Development of the Baltimore was hindered by a series of problems, although the type eventually became a versatile combat aircraft. Produced in large numbers, the Baltimore was not used operationally by United States armed forces but eventually served with the British, Canadian, Australian, South African, Hellenic and the Italian air forces. It was subsequently used almost exclusively in the Mediterranean and Middle East theatre of World War II.

Design and development
Initially designated the A-23 (derived from the A-22 Martin 167 Maryland design), the Model 187 (company designation) had a deeper fuselage and more powerful engines. The Model 187 met the needs for a light-to-medium bomber, originally ordered by the Anglo-French Purchasing Commission as a joint project in May 1940. The French Air Force sought to replace the earlier Maryland; 400 aircraft being ordered. With the Fall of France, the Royal Air Force (RAF) took over the order and gave it the service name Baltimore. To enable the aircraft to be supplied to the British under the Lend-Lease Act the United States Army Air Forces designation A-30 was allocated. With the passing of the Lend Lease Act two further batches of 575 and then 600 were provided to the RAF.

Operational history

The first British aircraft were delivered in late 1941 to equip Operational Training Units. The RAF only used the Baltimores operationally in the Mediterranean theater and North Africa. Many users were impressed by the step up that the Baltimore represented from older aircraft like the Bristol Blenheim. Users of the Baltimore and Martin pilot Benjamin R. Wallace, praised the aircraft for its heavy armament, structural strength, manoeuvrability, bombing accuracy and relatively high performance but crews complained of cramped conditions similar to those in the earlier Maryland bomber. The narrow fuselage made it nearly impossible for crew members to change positions during flight if wounded (the aircraft's interior structure separated the pilot and observer from the wireless operator and rear gunner, a characteristic shared with several light and medium bomber designs of that era e.g. Handley Page Hampden, Douglas Boston and Blenheim). Crews also complained about the difficulties in handling the aircraft on the ground. On takeoff, the pilot had to co-ordinate the throttles perfectly to avoid a nose-over or worse.

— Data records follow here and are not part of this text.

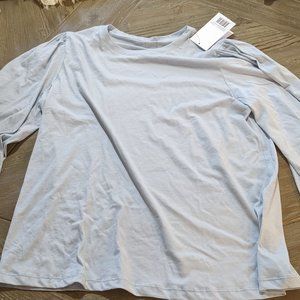 Lunya Organic Pima Long Sleeve Tee - NWT - Size M - Tranquil Blue
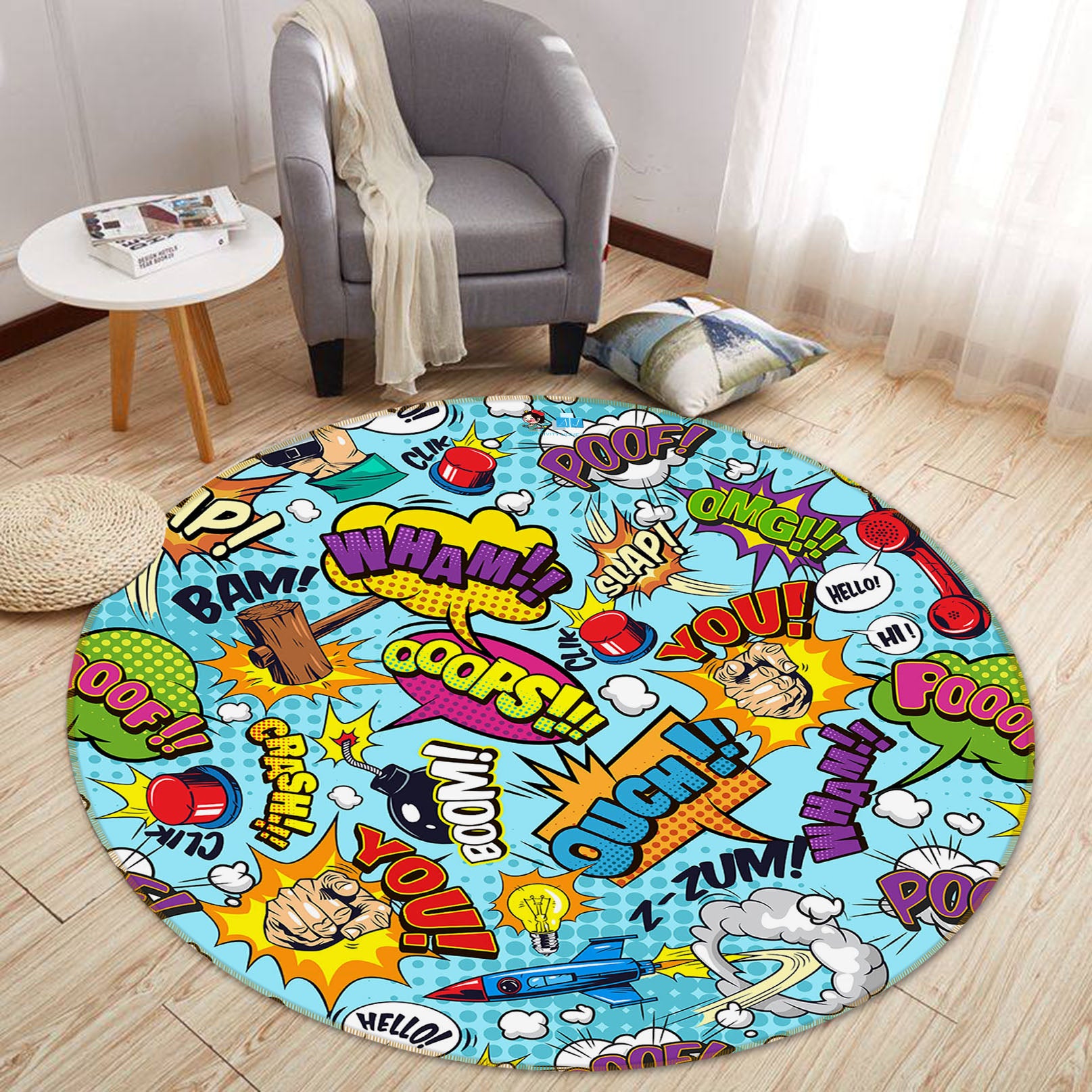 3D Colored Letters 75069 Round Non Slip Rug Mat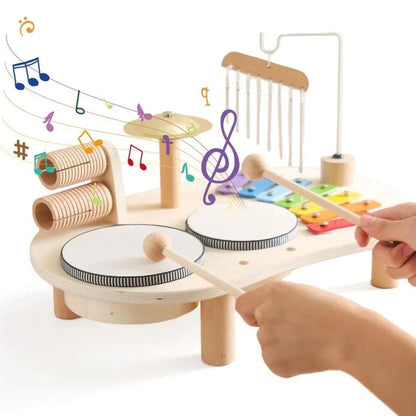 Wooden Musical Instrument Set with Eight-Note Xylophone and Shape Puzzle Base for Toddlers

Thrown into action to stop Rommel's advance, the Baltimore suffered massive losses when it was used as a low-level attack aircraft, especially in the chaos of the desert war where most missions went unescorted. Operating at medium altitude with fighter escorts, the Baltimore had a very low loss rate, with the majority of losses coming from operational accidents. Undertaking a variety of missions in the Middle East, Mediterranean and European theaters, the Baltimore's roles included reconnaissance, target-towing, maritime patrol, night intruder and even served as highly uncomfortable fast transports. The Baltimore saw limited Fleet Air Arm service with aircraft transferred from the RAF in the Mediterranean to equip a squadron in 1944. Used in the anti-submarine role during the war, the Baltimore achieved moderate success, sinking up to eight U-boats.

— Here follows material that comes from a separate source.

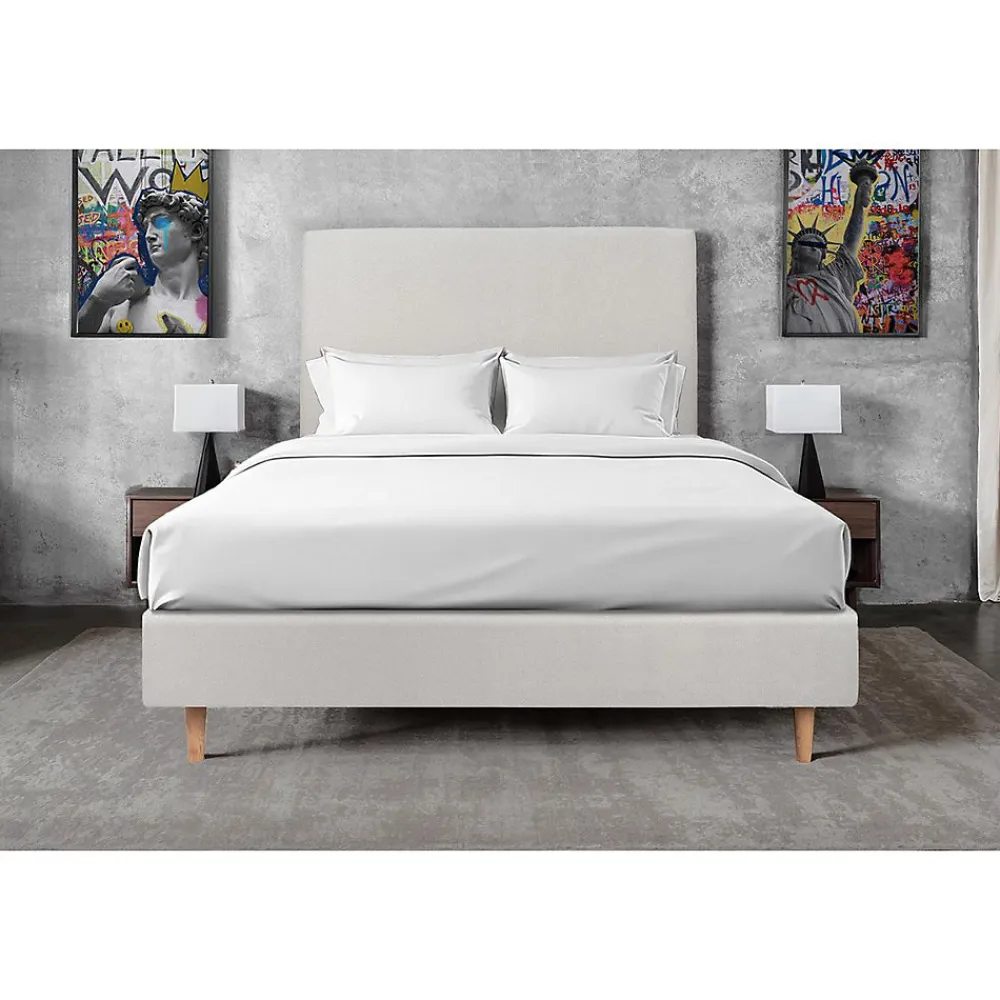 Sommier Tapissier Velours Gris clair 150x200 H35cm>Sommeil De Plomb Outlet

The RAF also transferred aircraft to other Allies in the Mediterranean area. The Baltimore was used intensively in the Italian campaign to clear the road to Rome for advancing Allied forces after the capitulation of Italy in 1943. After the Armistice between Italy and Allied armed forces an Italian-manned squadron, the 28th Bomber Wing, was equipped with ex-RAF Baltimores, becoming the co-belligerent Stormo Baltimore. The Italians suffered considerable attrition during their training phase on the Baltimore. The majority of accidents were during takeoffs and landings due to the aircraft's fairly high wing loading, high approach speed and a directional stability problems during takeoffs. The Italians operated the Baltimore for about six months. Many of those operations were in Yugoslavia and Greece, providing air support for partisan forces or dropping supplies.

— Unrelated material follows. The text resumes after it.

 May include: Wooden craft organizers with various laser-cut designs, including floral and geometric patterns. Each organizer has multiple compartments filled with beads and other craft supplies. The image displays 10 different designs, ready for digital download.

Most Baltimores were scrapped soon after the war, although one RAF squadron continued to use the type in Kenya where the aircraft were used in aerial mapping and locust control until 1948. In post-war service, the Baltimore took part in United States Navy instrument and control surface tests in the effort to break the sound barrier. With its powerful engines and light, yet robust construction, the aircraft was able to be dived at high speed, reaching Mach .74 in tests. All Baltimores were withdrawn from service by the end of 1949, the last one being retired on 23 December 1949.

Variants

Baltimore B. I
Fitted with 1,600 hp (1,193 kW) Wright GR-2600-A5B radial piston engines, armed with ten 0.303 in (7.7 mm) machine guns, eight fixed Brownings and two flexible Vickers K machine guns; all marks had two fixed 0.303 in (7.7 mm) Brownings in the leading-edge of each wing and four similar fixed guns, two on each side of the lower fuselage aft firing backwards, plus two flexible Vickers K guns in dorsal and ventral. 50 aircraft built.

Baltimore B. II
As with the Mk I; defensive armament was increased to twelve 0.303 in (7.7 mm) machine guns including twin 0.303 in (7.7 mm) Vickers K machine guns in both the dorsal and ventral positions. 100 aircraft built.

Baltimore B. III

Modified Mk II design defensive armament was increased to 14 0.303 in (7.7 mm) guns and improved with a hydraulically powered dorsal turret supplied by Boulton Paul in the UK with four Browning machine guns. 250 aircraft built.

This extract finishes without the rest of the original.